Required work: Beginning with the line that has "Brown welcome sign", write out each line down to the end of the records below exactly, and include no pictures.

Records shown:
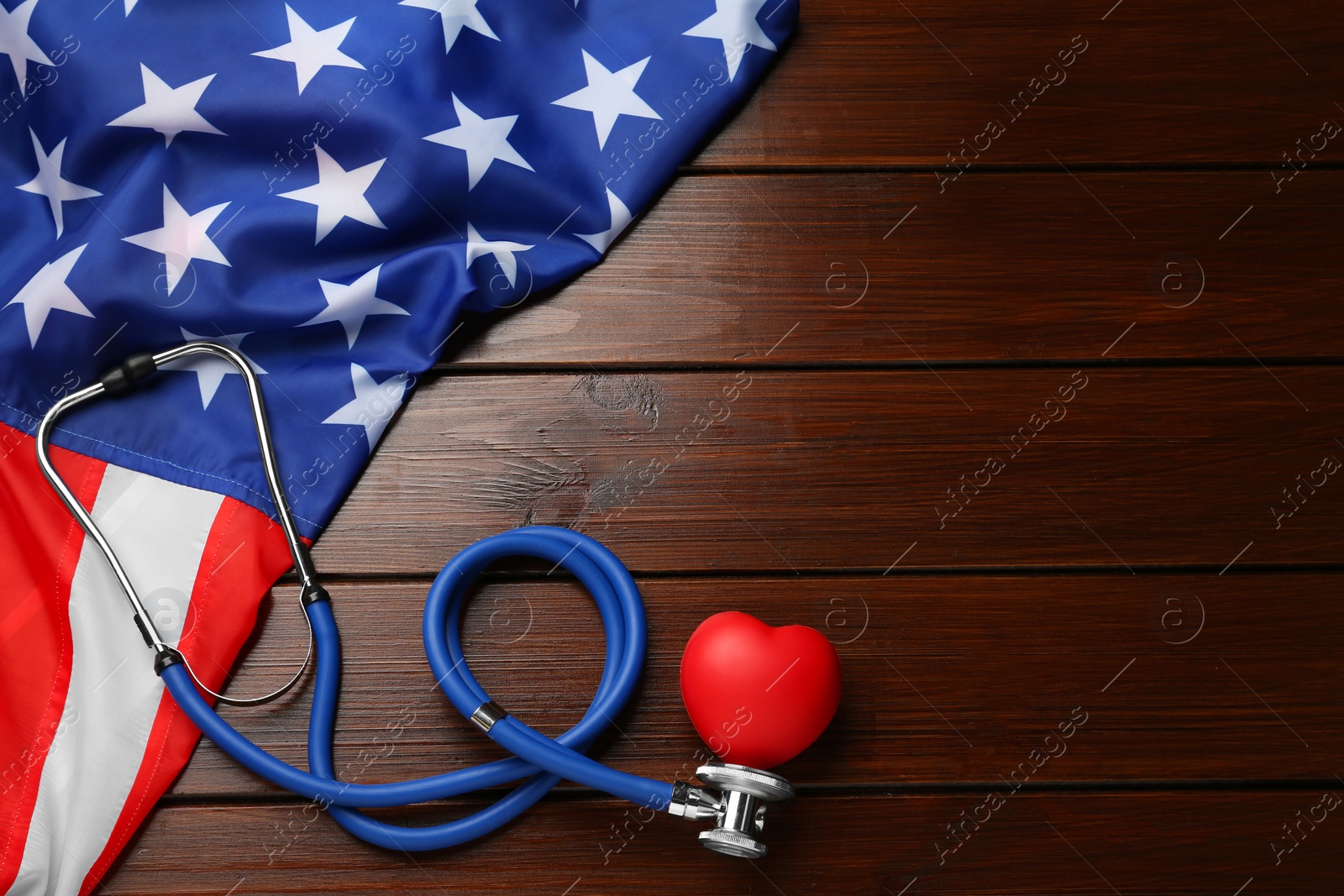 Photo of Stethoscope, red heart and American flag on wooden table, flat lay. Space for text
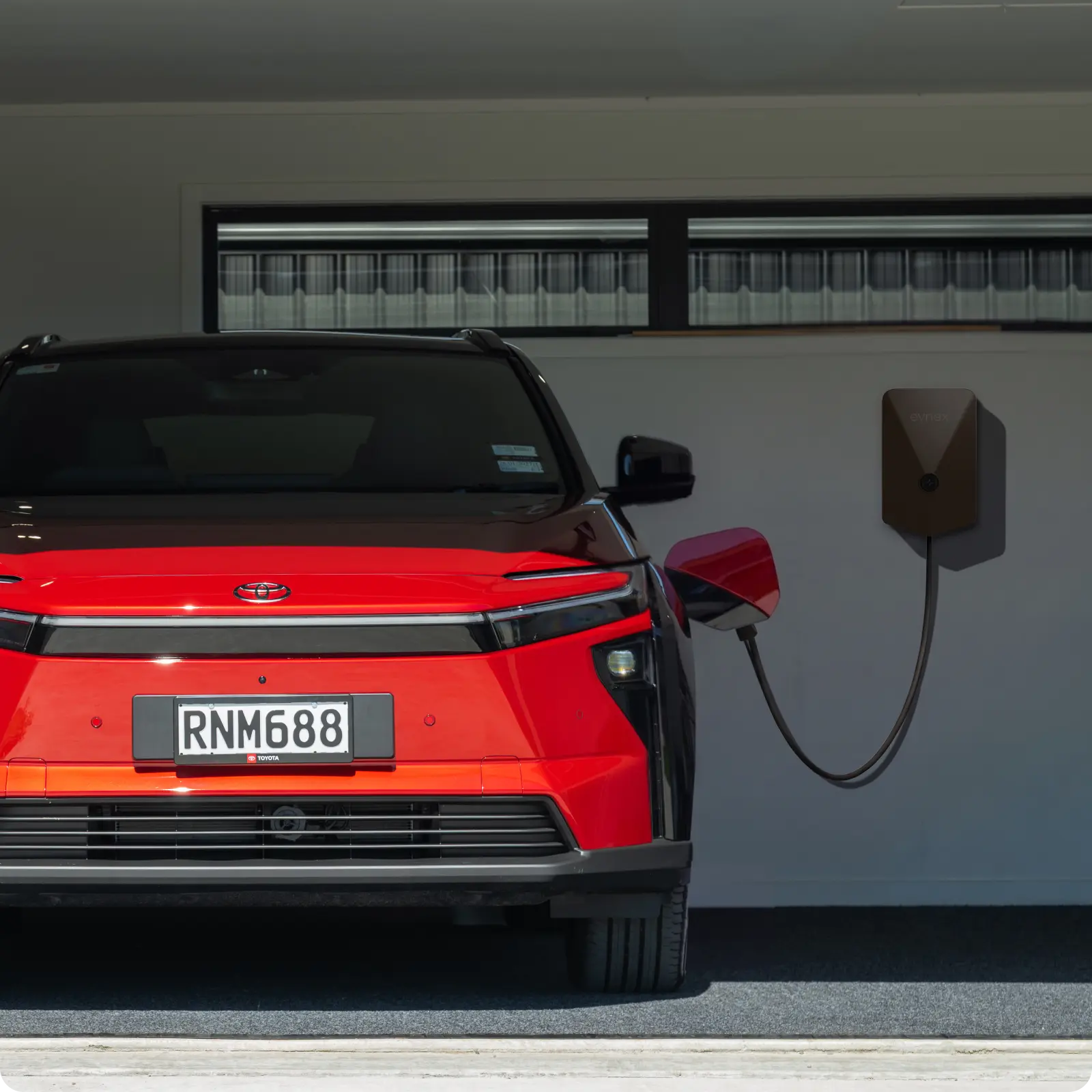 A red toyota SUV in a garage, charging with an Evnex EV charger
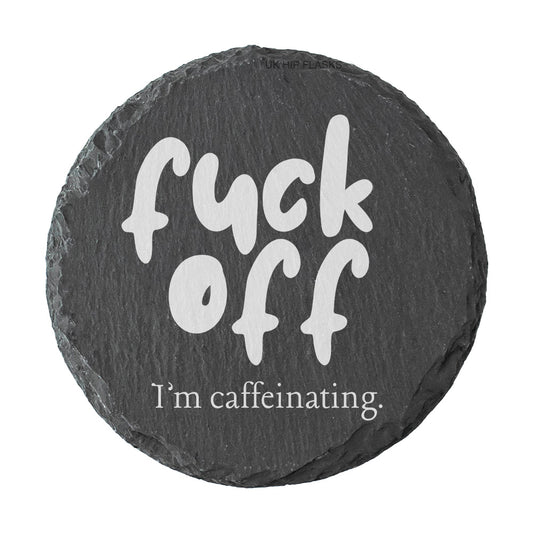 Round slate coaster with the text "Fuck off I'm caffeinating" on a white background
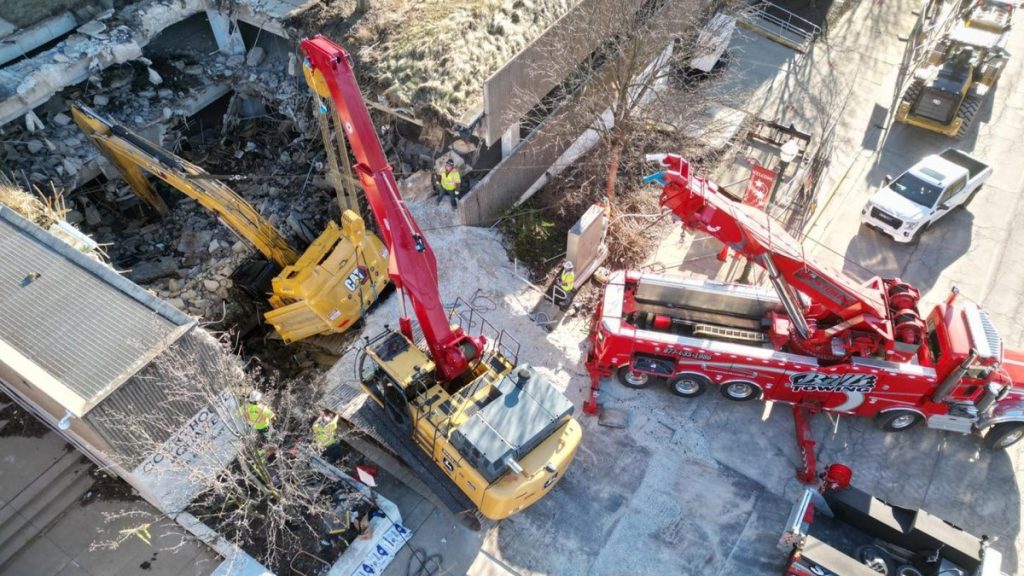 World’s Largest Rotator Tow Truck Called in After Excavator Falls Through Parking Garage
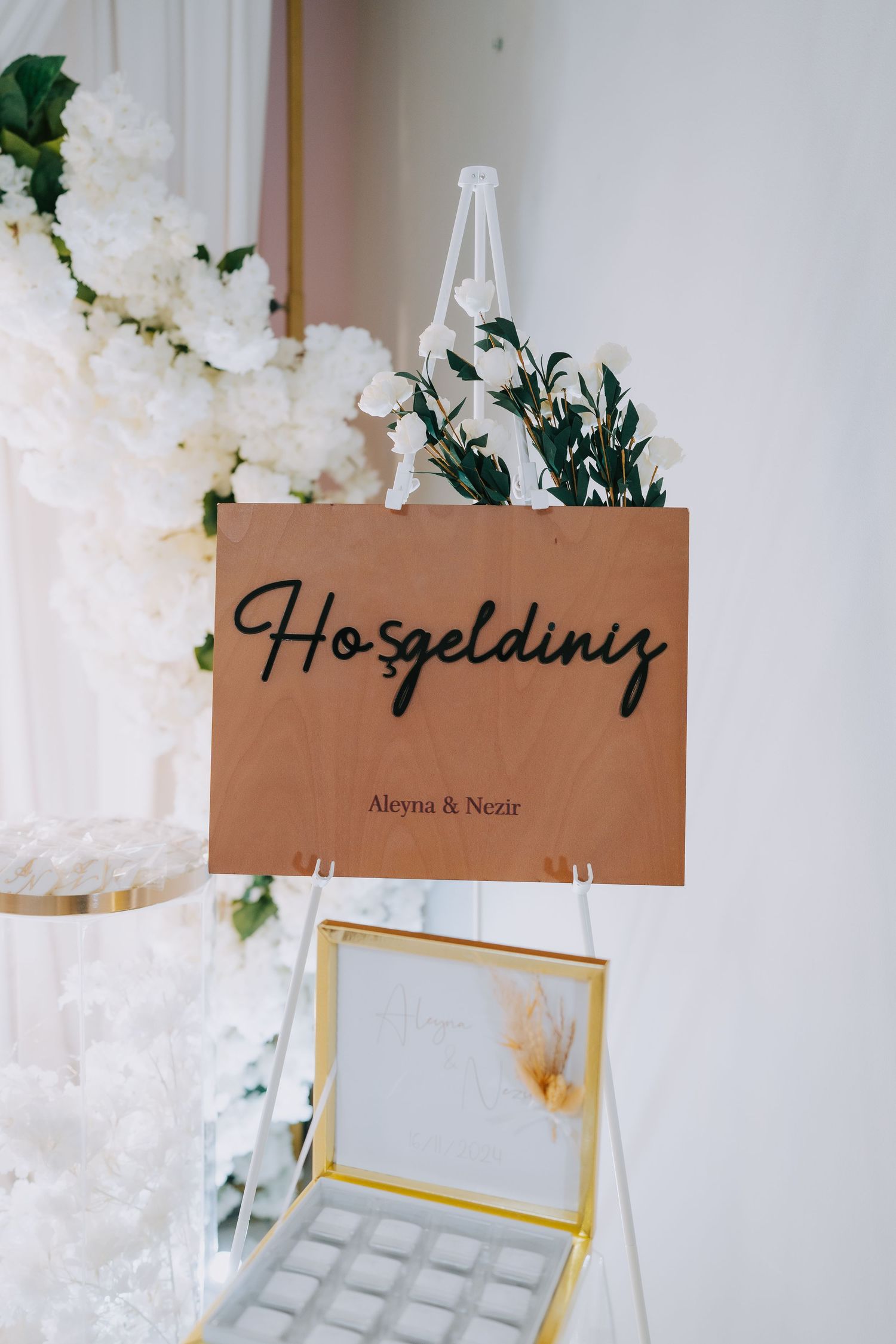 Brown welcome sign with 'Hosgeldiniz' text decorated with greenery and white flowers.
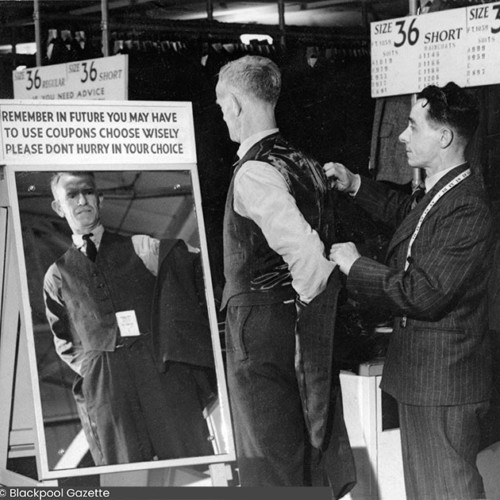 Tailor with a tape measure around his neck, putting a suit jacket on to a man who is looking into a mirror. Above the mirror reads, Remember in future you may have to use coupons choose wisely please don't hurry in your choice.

Expected output:
 Brown welcome sign with 'Hosgeldiniz' text decorated with greenery and white flowers.
 Tailor with a tape measure around his neck, putting a suit jacket on to a man who is looking into a mirror. Above the mirror reads, Remember in future you may have to use coupons choose wisely please don't hurry in your choice.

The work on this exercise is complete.